Hindustan Times | By
Feb 22, 2019 11:29 PM IST

The unfolding in front of our eyes of what seems barely credible is one of the enduring and defining charms of sport

On February 16, Sri Lanka, a country whose cricket has been in a shambles for some time now, pulled off a momentous away Test win in Durban against South Africa, one of the strongest teams in contemporary cricket. It was as much the victory itself as the manner of it that resulted in the win being hailed as one of the greatest (and unlikeliest) in the history of the game.

James Buster Douglas (right) defeated Mike Tyson at Tokyo Dome stadium, Japan , in 1990, leaving everyone surprised. The unexpected outcome brought an end to Tyson’s dominance in world boxing.(Sports Illustrated/Getty Images)
James Buster Douglas (right) defeated Mike Tyson at Tokyo Dome stadium, Japan , in 1990, leaving everyone surprised. The unexpected outcome brought an end to Tyson’s dominance in world boxing.(Sports Illustrated/Getty Images)

Kusal Perera, who scored a career best 153 not out, was the architect of the triumph. Along with Vishwa Fernando (who scored his career best 6 not out), Perera put on 78 runs for the tenth wicket, a world record in a successful run chase. With the fall of Sri Lanka’s ninth wicket, everyone had thought that the match was over. But it was not. That last wicket partnership — full of grit and gumption and, above all, coming when it was least expected — turned the match on its head.

You could not have made it up. It defied the form book, logic, expectation, even plausibility. But it did happen.

As an incredulous Andrew Fidel Fernando later wondered on cricinfo.com: “In years to come, we might still struggle to believe that this embattled and unfancied batsman, in this profoundly embattled and unfancied team, played an innings of such dazzling quality… [against] the best bowling unit in home conditions on the planet. Could it be the greatest ever?”

The unfolding in front of our eyes of what seems barely credible is one of the enduring and defining charms of sport. Things that are beyond belief, the occurrence of which, in a film, or a play or a novel, would necessitate a willing suspension of disbelief, can — and do — occur in sport.
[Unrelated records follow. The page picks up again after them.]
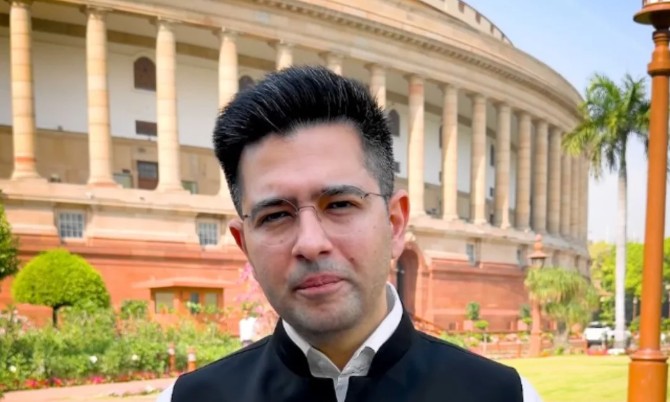 राघव चढ्ढा म्हणाले, घायल हूं इसलीए घातक हूं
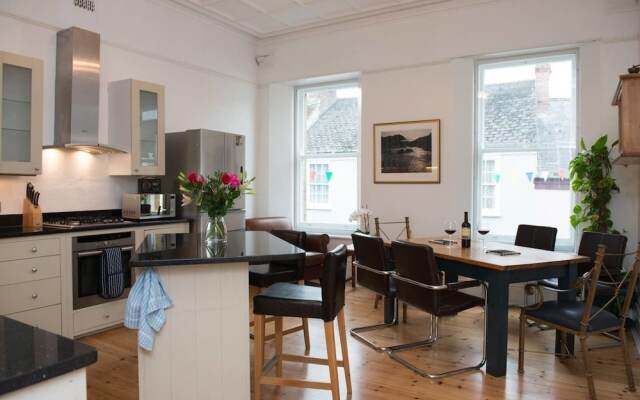 Remarkable 4-Bed House in Ashburton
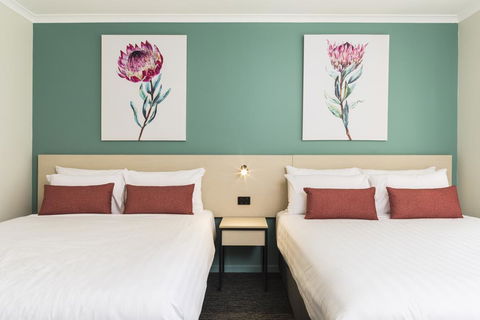 Nightcap At Balaclava Hotel - Surfers Paradise Gold Coast 1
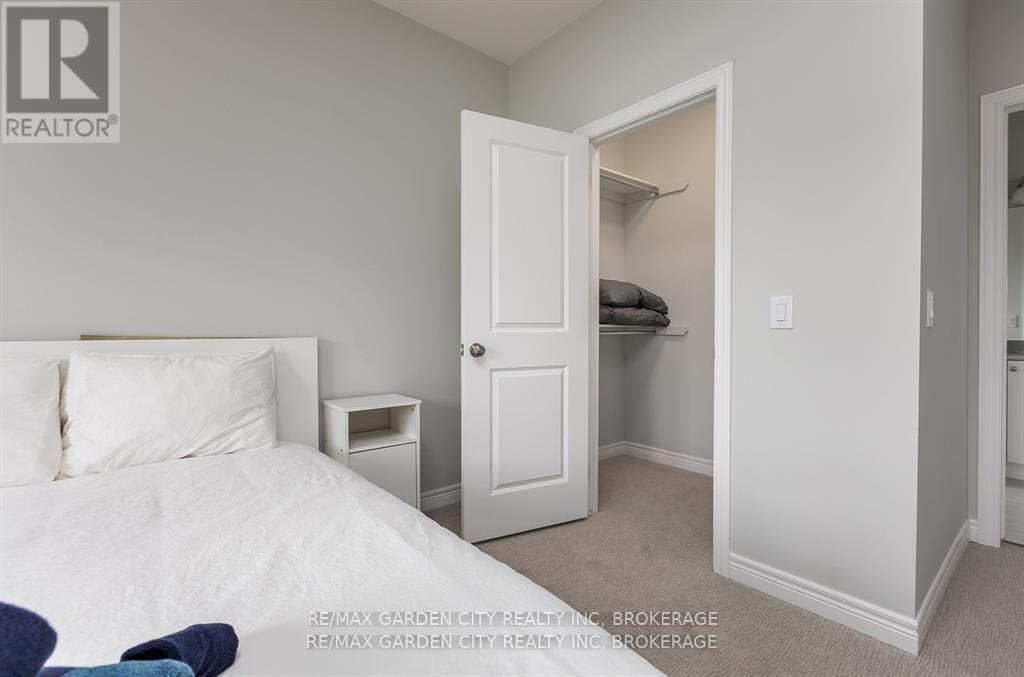 Photo 27 of 34 Bounty Avenue, Thorold ON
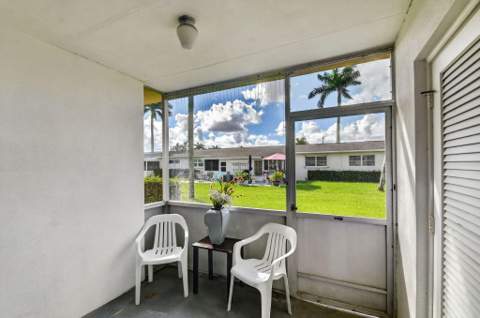 2593 Dudley Drive #I, West Palm Beach FL - photo 23 of 36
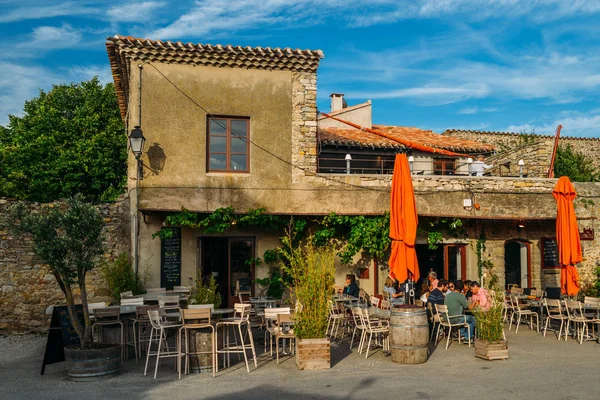Restoranın terasında Carcassonne, Güney Fransa'da bir tepenin şehir içinde bir Unesco Dünya mirası olduğunu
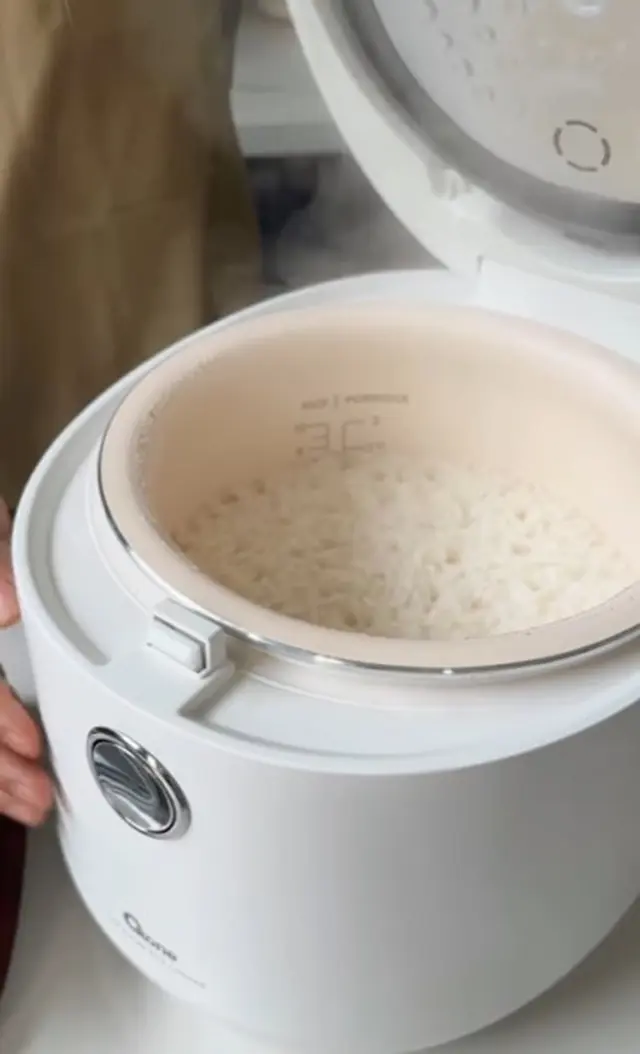 Cara mudah membuat lontong kenyal dengan rice cooker, antiribet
It does not happen all the time (that would make it boring), but when it does, the unexpected outcome is what sets sport apart from other fields of popular culture.

Think of Leicester City winning the Premier League in 2015-16. An unheralded bunch of players, coached by a man who had started the season with the aim of avoiding relegation from the top flight, beating the combined financial muscle and talents of England’s super clubs. The odds on Leicester City at the start of the season was 5000-1. They not so much defied the odds as battered them.
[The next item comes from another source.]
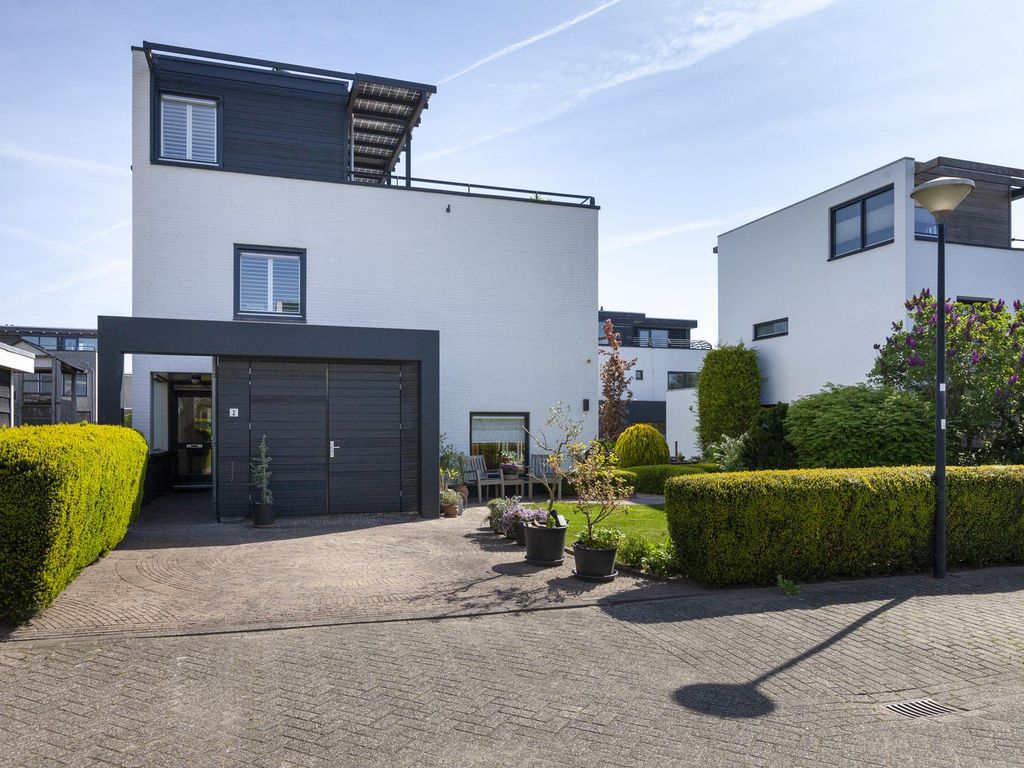Vegakade 2, WOERDEN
Think of India winning the cricket World Cup in 1983. A team that had till then been abject at limited-overs cricket, that had embarrassed itself in the first two editions of the World Cup in 1975 and 1979, defeating the West Indies, the reigning champions and the dominant, outstanding team of the era.
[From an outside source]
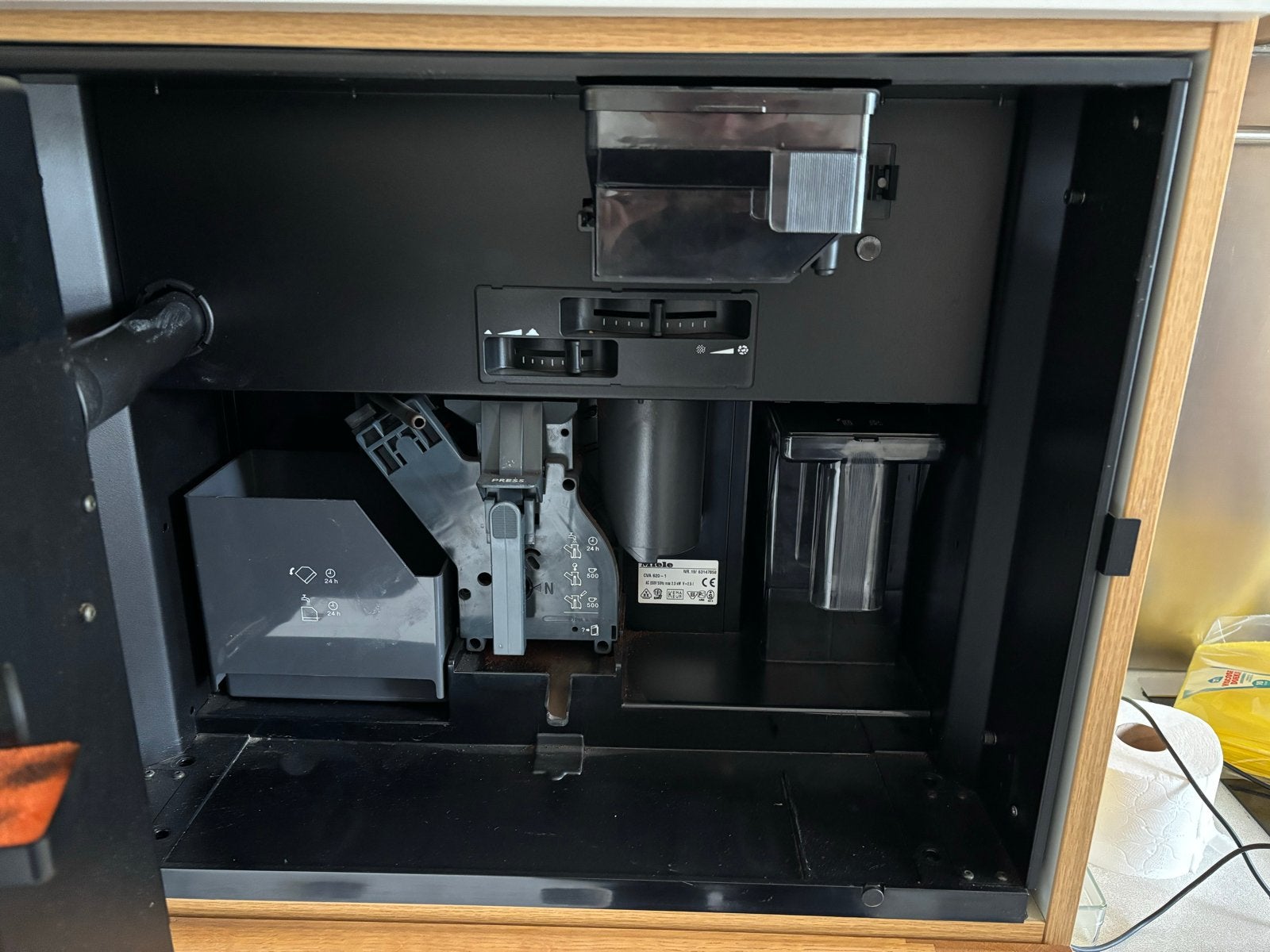 Miele Inbouw Koffiemachine CVA 620 - RVS, Witgoed en Apparatuur, Afneembaar waterreservoir, Gebruikt, Espresso apparaat, 10 kopjes of meer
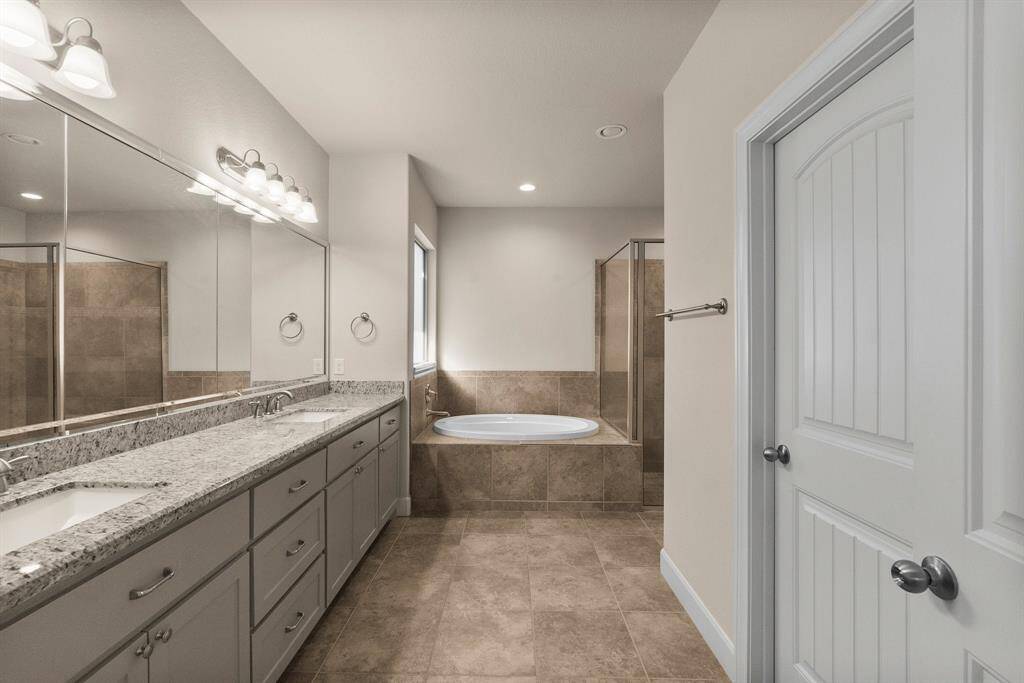 Large primary bath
Think of Goran Ivanisevic winning the Wimbledon title in 2001. Ranked World Number 125, battling an injury, the Croatian became the first — and, till today, only — wildcard entry to the tournament to win the men’s singles title.

Or think of what is known as arguably the biggest upset in the history of boxing: Buster Douglas knocking out Mike Tyson in 1990. Tyson, the undisputed and undefeated heavyweight champion of the world, the 42-1 favourite, was expected to treat Douglas as so much cannon fodder. Instead, he was knocked out in the tenth round, bringing to an end his first stint of dominance of world boxing.

The unpredictable nature of sport makes it unique. When one sits down to watch a sporting spectacle, one truly does not know how it will unfold over the course of the next hours or days. Not even the players, who are the protagonists in the drama, can know for certain. One of the many thrills of watching sport is the sense of infinite possibilities it offers, the awareness that anything, at all, is possible.